Tax Contribution Of East European Migrants

In a Today Programme interview on 30 April about our paper published that day (see Briefing Paper 1.38), Mr Portes did not challenge our findings that low paid migrants pay little or no net direct tax.   However, he suggested that we had overlooked the effect of other taxes paid by the low-paid.  He made the particular point that working age households in the lowest fifth of the income distribution pay about £30 a week in direct taxes and about £80 a week in indirect taxes.

 

However Mr Portes quite overlooks the extent to which benefits make up the income of these households. In fact, he will be well aware that the most recent government survey of The Effects of Taxes and Benefits on Household Income http://www.ons.gov.uk/ons/dcp171778_317365.pdf shows that the lowest fifth receive nearly as much in cash benefits as they do in total earnings, and that the cash benefits – amounting to £130 a week – are greater than all of the direct and indirect taxes paid put together (p.15),

 

To say that low-earning migrants are contributing through indirect taxes when the money they are spending is, in such a substantial part, what they are receiving from the state in benefits is clearly absurd, and yet another attempt to avoid serious discussion of the true cost of massive levels of immigration, especially in respect of the low paid.

 

The cost to the UK of migration is of course more than just the amount by which cash benefits exceed taxes paid. The widely-quoted study by [CReAM] of the fiscal effect of migration, balancing all taxes against government expenditures found an overall cost for all migrants between 1995 and 2011 of nearly £100bn.

 

Even though this cost is already very high, MigrationWatch noted that, among other questionable assumptions, CReAM had not taken any account of income levels in estimating the cost of government spending on tax credits and housing benefit paid.
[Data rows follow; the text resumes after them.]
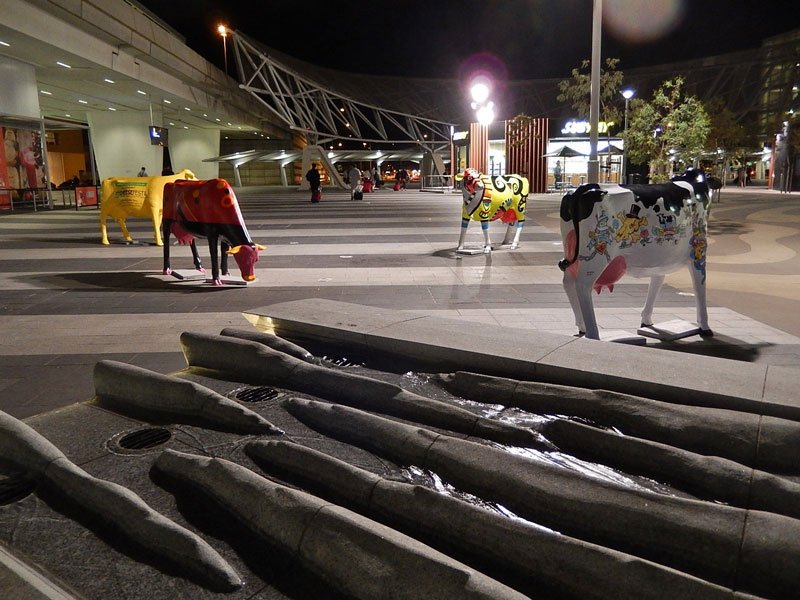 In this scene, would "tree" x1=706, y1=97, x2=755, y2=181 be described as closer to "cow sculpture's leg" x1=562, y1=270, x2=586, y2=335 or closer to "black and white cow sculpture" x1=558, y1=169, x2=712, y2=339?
"black and white cow sculpture" x1=558, y1=169, x2=712, y2=339

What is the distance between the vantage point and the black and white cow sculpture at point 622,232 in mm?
4938

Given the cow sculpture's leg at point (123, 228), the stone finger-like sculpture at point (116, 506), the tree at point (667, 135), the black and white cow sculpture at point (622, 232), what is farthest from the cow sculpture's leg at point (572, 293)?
the tree at point (667, 135)

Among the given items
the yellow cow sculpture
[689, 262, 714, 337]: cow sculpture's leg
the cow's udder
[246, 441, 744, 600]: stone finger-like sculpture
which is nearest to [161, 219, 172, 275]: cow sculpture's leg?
the yellow cow sculpture

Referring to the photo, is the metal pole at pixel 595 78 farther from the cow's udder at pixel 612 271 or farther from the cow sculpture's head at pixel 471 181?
the cow's udder at pixel 612 271

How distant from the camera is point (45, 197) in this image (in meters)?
27.9

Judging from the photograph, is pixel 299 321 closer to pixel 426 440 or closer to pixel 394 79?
pixel 426 440

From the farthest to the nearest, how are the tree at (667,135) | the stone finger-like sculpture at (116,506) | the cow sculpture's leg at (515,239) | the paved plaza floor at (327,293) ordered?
the tree at (667,135), the cow sculpture's leg at (515,239), the paved plaza floor at (327,293), the stone finger-like sculpture at (116,506)

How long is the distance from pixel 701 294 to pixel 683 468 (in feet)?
11.9

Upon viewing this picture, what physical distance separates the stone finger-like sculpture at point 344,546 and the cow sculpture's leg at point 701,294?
4482 mm

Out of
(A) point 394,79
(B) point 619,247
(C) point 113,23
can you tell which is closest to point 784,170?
(C) point 113,23

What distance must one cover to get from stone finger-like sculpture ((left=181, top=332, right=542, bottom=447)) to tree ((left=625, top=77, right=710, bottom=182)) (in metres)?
17.1

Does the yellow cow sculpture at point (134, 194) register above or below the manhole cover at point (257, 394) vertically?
above

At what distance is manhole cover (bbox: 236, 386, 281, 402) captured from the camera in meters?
3.72

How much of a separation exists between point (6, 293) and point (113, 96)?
23968 mm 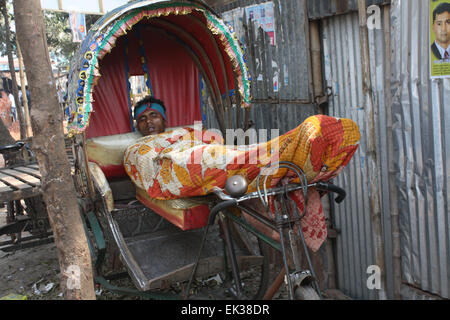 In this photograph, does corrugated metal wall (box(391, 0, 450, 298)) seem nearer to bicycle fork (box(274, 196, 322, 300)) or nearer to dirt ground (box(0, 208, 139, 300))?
bicycle fork (box(274, 196, 322, 300))

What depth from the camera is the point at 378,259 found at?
328cm

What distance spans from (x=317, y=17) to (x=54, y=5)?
588 cm

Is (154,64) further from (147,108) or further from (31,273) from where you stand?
(31,273)

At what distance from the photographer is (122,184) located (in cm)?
446

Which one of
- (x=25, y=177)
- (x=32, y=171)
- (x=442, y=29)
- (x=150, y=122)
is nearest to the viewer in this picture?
(x=442, y=29)

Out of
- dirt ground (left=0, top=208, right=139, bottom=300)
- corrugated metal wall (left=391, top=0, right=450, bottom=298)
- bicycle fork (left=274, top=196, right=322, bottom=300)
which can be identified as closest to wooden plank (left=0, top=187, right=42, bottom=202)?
dirt ground (left=0, top=208, right=139, bottom=300)

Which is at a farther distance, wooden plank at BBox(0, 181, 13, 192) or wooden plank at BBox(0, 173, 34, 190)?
wooden plank at BBox(0, 173, 34, 190)

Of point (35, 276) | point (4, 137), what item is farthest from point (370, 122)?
point (4, 137)

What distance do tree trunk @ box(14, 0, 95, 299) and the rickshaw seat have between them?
91 centimetres

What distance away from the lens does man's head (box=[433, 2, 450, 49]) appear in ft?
9.66

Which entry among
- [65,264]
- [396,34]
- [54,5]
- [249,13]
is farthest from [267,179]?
[54,5]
Our more detailed examination of household composition and income distribution among Eastern European employees working in the UK is clear evidence that this was simply wrong, and further undermines their claim of more positive contributions from recent EEA migrants.

 

As for the benefit of Eastern European migrants in terms of GDP per head, the NIESR (which Mr Portes now directs) found in a report published in 2011 that “The long-run impact on GDP per capita is expected to be negligible in the EU-15, but may be slightly positive, depending on the productive capacity of inward migrants.”